What needs to be done: Send back the whole listing untouched.

Excerpted records:
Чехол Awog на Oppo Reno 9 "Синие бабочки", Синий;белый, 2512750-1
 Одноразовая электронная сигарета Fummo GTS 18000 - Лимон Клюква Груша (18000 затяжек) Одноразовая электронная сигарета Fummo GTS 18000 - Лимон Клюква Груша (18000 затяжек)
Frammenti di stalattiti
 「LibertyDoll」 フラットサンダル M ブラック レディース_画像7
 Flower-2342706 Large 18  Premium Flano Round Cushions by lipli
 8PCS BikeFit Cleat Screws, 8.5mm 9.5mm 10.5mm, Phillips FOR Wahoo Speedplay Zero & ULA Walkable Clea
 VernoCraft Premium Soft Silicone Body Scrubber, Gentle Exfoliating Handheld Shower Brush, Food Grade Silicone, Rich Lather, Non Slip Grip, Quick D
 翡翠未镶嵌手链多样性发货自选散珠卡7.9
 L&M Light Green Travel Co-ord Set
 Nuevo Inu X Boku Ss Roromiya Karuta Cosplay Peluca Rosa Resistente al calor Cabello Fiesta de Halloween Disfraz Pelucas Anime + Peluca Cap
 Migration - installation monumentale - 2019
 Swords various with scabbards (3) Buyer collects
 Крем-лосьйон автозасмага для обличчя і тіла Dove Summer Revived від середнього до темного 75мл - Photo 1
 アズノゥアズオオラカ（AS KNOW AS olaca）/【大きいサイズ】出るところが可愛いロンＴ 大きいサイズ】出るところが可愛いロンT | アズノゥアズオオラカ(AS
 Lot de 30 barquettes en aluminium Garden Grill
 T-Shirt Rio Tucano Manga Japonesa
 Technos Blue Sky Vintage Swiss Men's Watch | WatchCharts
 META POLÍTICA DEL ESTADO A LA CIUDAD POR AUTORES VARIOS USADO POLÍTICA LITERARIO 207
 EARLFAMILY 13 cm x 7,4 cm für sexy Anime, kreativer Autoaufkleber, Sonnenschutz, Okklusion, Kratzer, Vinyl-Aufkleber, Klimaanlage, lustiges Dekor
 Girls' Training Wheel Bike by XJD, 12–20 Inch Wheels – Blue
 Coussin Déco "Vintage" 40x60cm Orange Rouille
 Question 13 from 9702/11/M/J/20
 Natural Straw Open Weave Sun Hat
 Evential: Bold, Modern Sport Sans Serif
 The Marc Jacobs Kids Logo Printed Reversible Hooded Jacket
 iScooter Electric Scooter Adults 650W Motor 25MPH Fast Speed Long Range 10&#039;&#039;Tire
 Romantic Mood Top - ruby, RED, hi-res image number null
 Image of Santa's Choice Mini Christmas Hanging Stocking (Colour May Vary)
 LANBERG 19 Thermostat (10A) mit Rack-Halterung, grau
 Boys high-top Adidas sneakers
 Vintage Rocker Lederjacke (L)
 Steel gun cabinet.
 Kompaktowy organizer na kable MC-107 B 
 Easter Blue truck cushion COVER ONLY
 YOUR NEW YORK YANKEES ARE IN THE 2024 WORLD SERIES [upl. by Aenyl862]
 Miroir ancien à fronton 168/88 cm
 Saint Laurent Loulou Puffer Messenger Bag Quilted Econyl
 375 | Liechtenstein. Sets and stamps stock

Answer below:
Чехол Awog на Oppo Reno 9 "Синие бабочки", Синий;белый, 2512750-1
 Одноразовая электронная сигарета Fummo GTS 18000 - Лимон Клюква Груша (18000 затяжек) Одноразовая электронная сигарета Fummo GTS 18000 - Лимон Клюква Груша (18000 затяжек)
Frammenti di stalattiti
 「LibertyDoll」 フラットサンダル M ブラック レディース_画像7
 Flower-2342706 Large 18  Premium Flano Round Cushions by lipli
 8PCS BikeFit Cleat Screws, 8.5mm 9.5mm 10.5mm, Phillips FOR Wahoo Speedplay Zero & ULA Walkable Clea
 VernoCraft Premium Soft Silicone Body Scrubber, Gentle Exfoliating Handheld Shower Brush, Food Grade Silicone, Rich Lather, Non Slip Grip, Quick D
 翡翠未镶嵌手链多样性发货自选散珠卡7.9
 L&M Light Green Travel Co-ord Set
 Nuevo Inu X Boku Ss Roromiya Karuta Cosplay Peluca Rosa Resistente al calor Cabello Fiesta de Halloween Disfraz Pelucas Anime + Peluca Cap
 Migration - installation monumentale - 2019
 Swords various with scabbards (3) Buyer collects
 Крем-лосьйон автозасмага для обличчя і тіла Dove Summer Revived від середнього до темного 75мл - Photo 1
 アズノゥアズオオラカ（AS KNOW AS olaca）/【大きいサイズ】出るところが可愛いロンＴ 大きいサイズ】出るところが可愛いロンT | アズノゥアズオオラカ(AS
 Lot de 30 barquettes en aluminium Garden Grill
 T-Shirt Rio Tucano Manga Japonesa
 Technos Blue Sky Vintage Swiss Men's Watch | WatchCharts
 META POLÍTICA DEL ESTADO A LA CIUDAD POR AUTORES VARIOS USADO POLÍTICA LITERARIO 207
 EARLFAMILY 13 cm x 7,4 cm für sexy Anime, kreativer Autoaufkleber, Sonnenschutz, Okklusion, Kratzer, Vinyl-Aufkleber, Klimaanlage, lustiges Dekor
 Girls' Training Wheel Bike by XJD, 12–20 Inch Wheels – Blue
 Coussin Déco "Vintage" 40x60cm Orange Rouille
 Question 13 from 9702/11/M/J/20
 Natural Straw Open Weave Sun Hat
 Evential: Bold, Modern Sport Sans Serif
 The Marc Jacobs Kids Logo Printed Reversible Hooded Jacket
 iScooter Electric Scooter Adults 650W Motor 25MPH Fast Speed Long Range 10&#039;&#039;Tire
 Romantic Mood Top - ruby, RED, hi-res image number null
 Image of Santa's Choice Mini Christmas Hanging Stocking (Colour May Vary)
 LANBERG 19 Thermostat (10A) mit Rack-Halterung, grau
 Boys high-top Adidas sneakers
 Vintage Rocker Lederjacke (L)
 Steel gun cabinet.
 Kompaktowy organizer na kable MC-107 B 
 Easter Blue truck cushion COVER ONLY
 YOUR NEW YORK YANKEES ARE IN THE 2024 WORLD SERIES [upl. by Aenyl862]
 Miroir ancien à fronton 168/88 cm
 Saint Laurent Loulou Puffer Messenger Bag Quilted Econyl
 375 | Liechtenstein. Sets and stamps stock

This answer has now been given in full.